### TASK PROMPT
Repeat the data below in full and exactly.

### RECORDS FOR THE TASK
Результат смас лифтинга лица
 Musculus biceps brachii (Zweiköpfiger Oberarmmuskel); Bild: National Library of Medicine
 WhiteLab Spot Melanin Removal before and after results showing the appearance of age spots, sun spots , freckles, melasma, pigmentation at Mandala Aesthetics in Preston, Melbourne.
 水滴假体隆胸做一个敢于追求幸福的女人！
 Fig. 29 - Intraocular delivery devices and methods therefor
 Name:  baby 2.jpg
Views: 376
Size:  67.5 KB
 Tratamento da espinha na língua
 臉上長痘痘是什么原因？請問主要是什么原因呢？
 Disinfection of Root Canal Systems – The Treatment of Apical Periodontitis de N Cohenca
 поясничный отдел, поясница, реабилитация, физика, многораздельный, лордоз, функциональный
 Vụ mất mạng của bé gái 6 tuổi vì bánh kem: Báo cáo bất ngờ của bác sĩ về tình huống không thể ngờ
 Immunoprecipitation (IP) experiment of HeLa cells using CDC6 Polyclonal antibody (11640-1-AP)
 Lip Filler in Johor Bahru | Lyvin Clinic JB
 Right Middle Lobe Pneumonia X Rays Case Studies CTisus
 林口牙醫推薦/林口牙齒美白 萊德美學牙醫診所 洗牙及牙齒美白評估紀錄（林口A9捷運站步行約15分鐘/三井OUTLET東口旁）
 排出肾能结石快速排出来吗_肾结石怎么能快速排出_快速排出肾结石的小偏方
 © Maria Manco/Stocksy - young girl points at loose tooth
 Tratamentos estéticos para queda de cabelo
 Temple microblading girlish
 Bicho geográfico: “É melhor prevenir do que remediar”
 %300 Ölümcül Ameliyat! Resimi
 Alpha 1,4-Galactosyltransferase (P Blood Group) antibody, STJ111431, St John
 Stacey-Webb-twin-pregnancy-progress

### OUTPUT OF THE TASK
Результат смас лифтинга лица
 Musculus biceps brachii (Zweiköpfiger Oberarmmuskel); Bild: National Library of Medicine
 WhiteLab Spot Melanin Removal before and after results showing the appearance of age spots, sun spots , freckles, melasma, pigmentation at Mandala Aesthetics in Preston, Melbourne.
 水滴假体隆胸做一个敢于追求幸福的女人！
 Fig. 29 - Intraocular delivery devices and methods therefor
 Name:  baby 2.jpg
Views: 376
Size:  67.5 KB
 Tratamento da espinha na língua
 臉上長痘痘是什么原因？請問主要是什么原因呢？
 Disinfection of Root Canal Systems – The Treatment of Apical Periodontitis de N Cohenca
 поясничный отдел, поясница, реабилитация, физика, многораздельный, лордоз, функциональный
 Vụ mất mạng của bé gái 6 tuổi vì bánh kem: Báo cáo bất ngờ của bác sĩ về tình huống không thể ngờ
 Immunoprecipitation (IP) experiment of HeLa cells using CDC6 Polyclonal antibody (11640-1-AP)
 Lip Filler in Johor Bahru | Lyvin Clinic JB
 Right Middle Lobe Pneumonia X Rays Case Studies CTisus
 林口牙醫推薦/林口牙齒美白 萊德美學牙醫診所 洗牙及牙齒美白評估紀錄（林口A9捷運站步行約15分鐘/三井OUTLET東口旁）
 排出肾能结石快速排出来吗_肾结石怎么能快速排出_快速排出肾结石的小偏方
 © Maria Manco/Stocksy - young girl points at loose tooth
 Tratamentos estéticos para queda de cabelo
 Temple microblading girlish
 Bicho geográfico: “É melhor prevenir do que remediar”
 %300 Ölümcül Ameliyat! Resimi
 Alpha 1,4-Galactosyltransferase (P Blood Group) antibody, STJ111431, St John
 Stacey-Webb-twin-pregnancy-progress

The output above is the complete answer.